Nikolic often projects a sullen demeanour, earning him the nickname “the Undertaker”, in part because he used to run a local cemetery.

Some suggest that the the married father of two and five-time grandfather conveys the image of a quiet, provincial bureaucrat.

His hobby is making traditional Serbian brandy, known as sljivovica, on his farm in the village of Bajcetina in central Serbia, where he also likes to pick wild mushrooms and herbs.

And he boasts on his website that he is a good singer.

But he is not a rousing public speaker, and he often makes what some consider reckless statements, once saying that Serbia “would be better off as a Russian province” than as an EU member.

Nowadays, he says that while he loves Russia – “it is in my heart and no one can take Russia away from me” – he has become a convert to the European cause, backing integration into the union.

‘Serbia will protect its people’

But Nikolic has said in the past he will not join the 27-member bloc at any cost, and has vowed to defend Serbian interests in the breakaway province of Kosovo, which declared independence from Belgrade in 2008 and is still home to a large Serbian minority.

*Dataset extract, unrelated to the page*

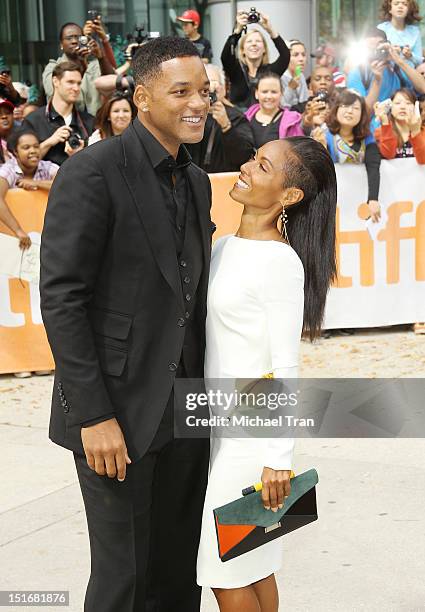 Will Smith and Jada Pinkett Smith arrive at "Free Angela & All Political Prisoners" premiere during the 2012 Toronto International Film Festival held...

“We want to join the EU. It has projects, jobs and investments for us,” he once told an election rally. “But if they say, you can join the EU, but Kosovo is not yours, (then) thanks a lot, good-bye.”

The European Union has made resolution talks between Serbia and Kosovo, initiated by Tadic, a precondition of any future Serbian membership of the bloc.

Although Nikolic largely dropped Kosovo as an issue in his winning campaign, choosing to focus on economic issues and corruption, he said after his victory that the vote showed Serbia “will protect its people in Kosovo”.

Despite winning the presidency, Nikolic’s party could still find itself excluded from government despite winning the most seats in parliamentary elections earlier this month.

Serbia’s Socialists, who finished third in the vote, said on Sunday that Nikolic’s victory did not mean they would renege on a coalition deal with Tadic’s Democratic Party.